━━ RAW DATA

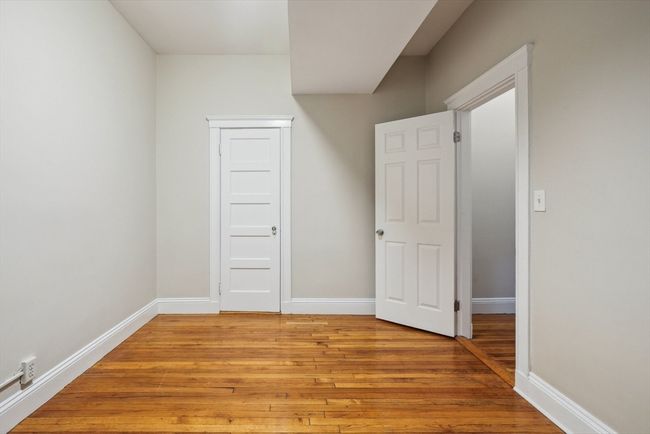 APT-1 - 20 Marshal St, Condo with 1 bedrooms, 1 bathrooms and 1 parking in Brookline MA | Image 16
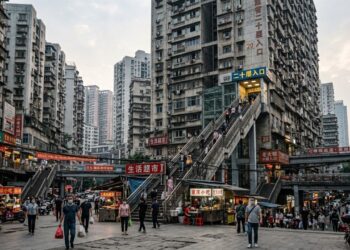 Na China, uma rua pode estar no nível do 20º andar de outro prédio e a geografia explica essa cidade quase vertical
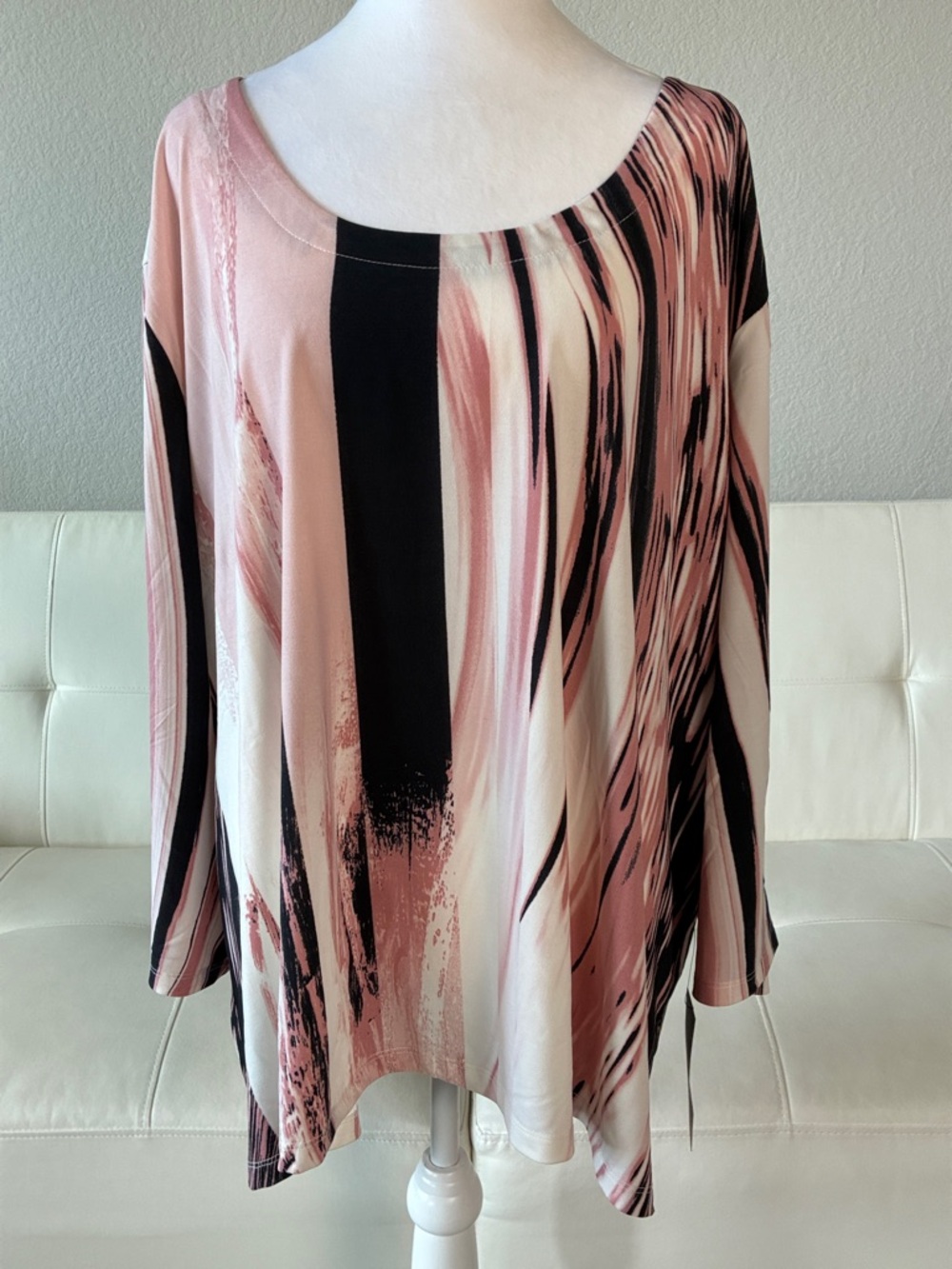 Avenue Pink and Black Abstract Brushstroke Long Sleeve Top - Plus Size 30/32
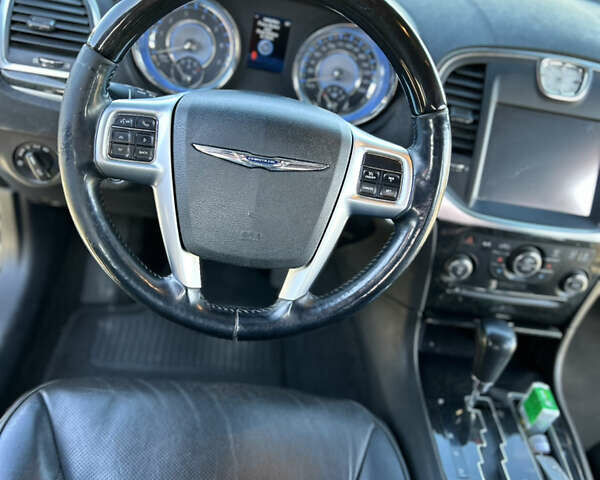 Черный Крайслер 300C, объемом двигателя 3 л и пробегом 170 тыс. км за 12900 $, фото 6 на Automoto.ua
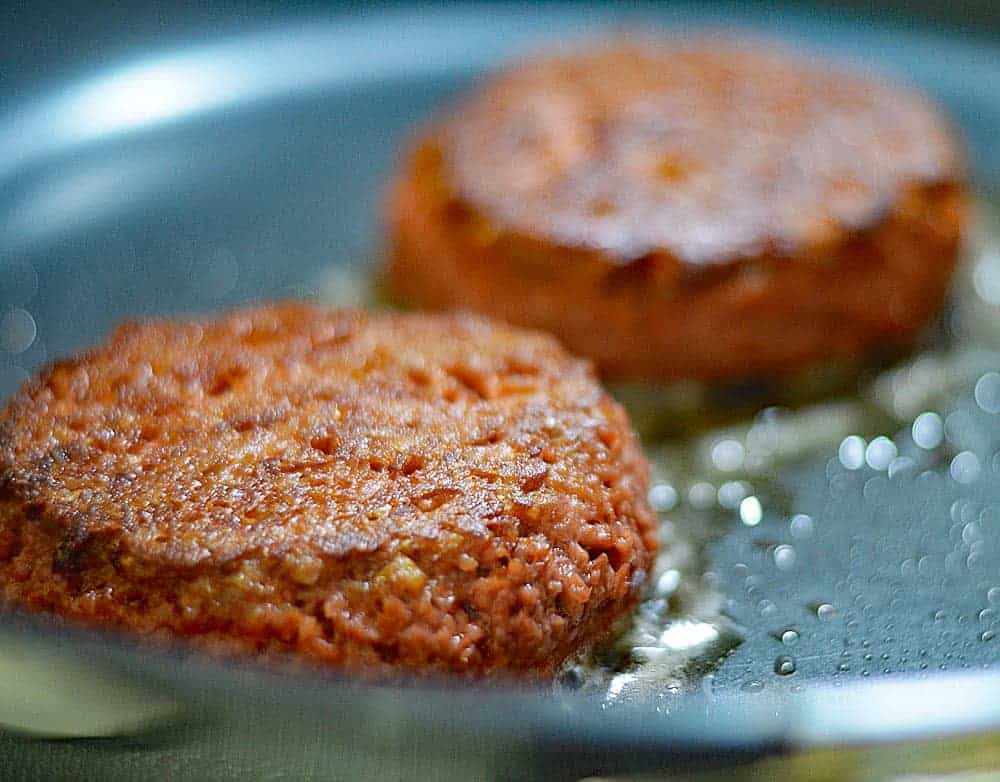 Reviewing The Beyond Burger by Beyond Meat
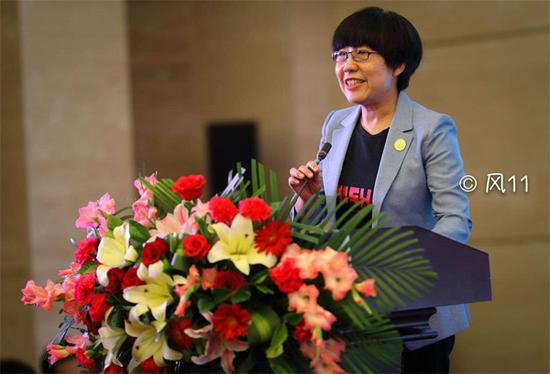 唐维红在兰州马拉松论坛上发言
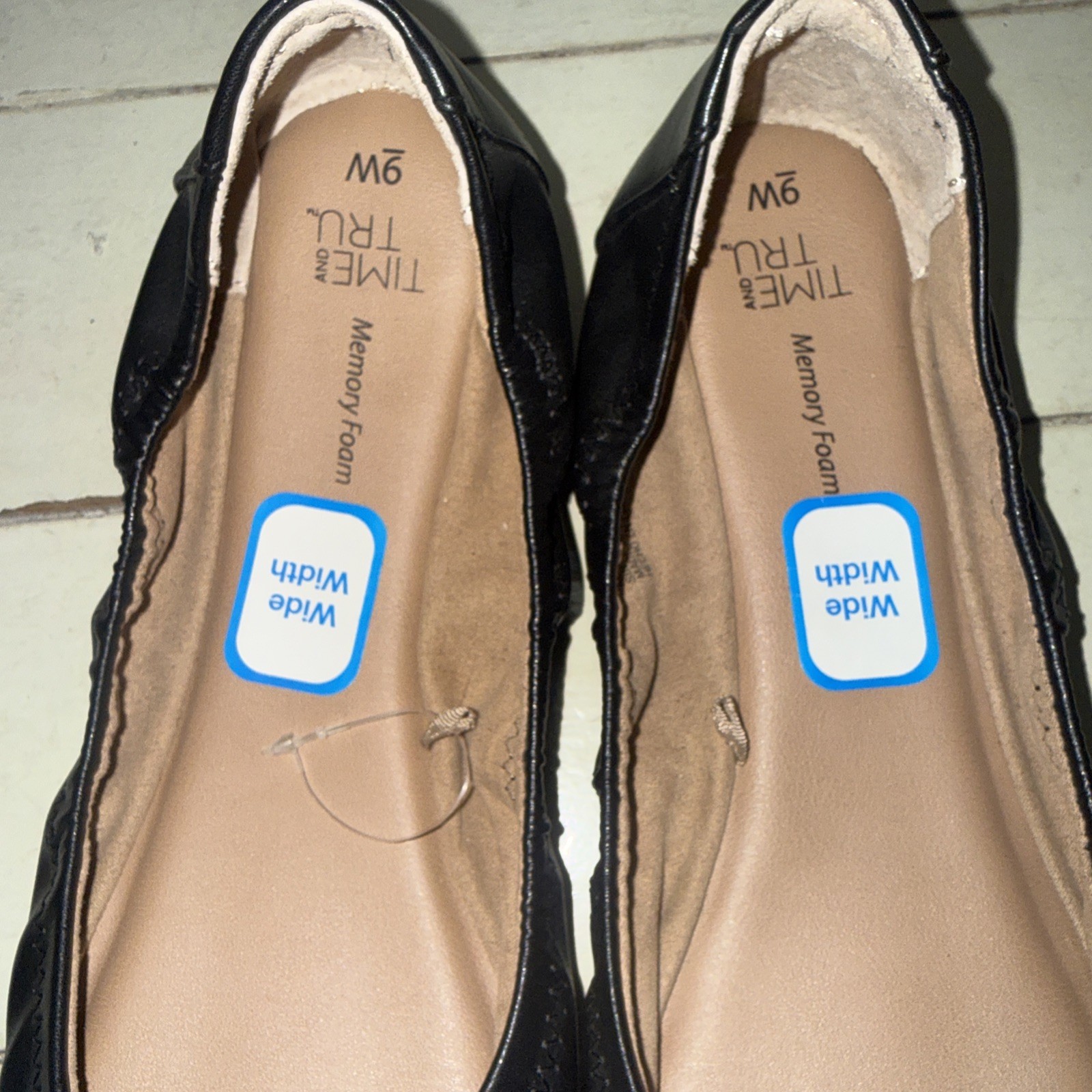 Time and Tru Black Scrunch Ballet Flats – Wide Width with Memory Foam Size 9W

━━━━

TASK TO COMPLETE:
Reproduce exactly, with every picture left out, the lines from the one that contains "Reviewing The Beyond Burger by Beyond Meat" to the final line of the records above.

EXERCISE OUTPUT:
 Reviewing The Beyond Burger by Beyond Meat
 唐维红在兰州马拉松论坛上发言
 Time and Tru Black Scrunch Ballet Flats – Wide Width with Memory Foam Size 9W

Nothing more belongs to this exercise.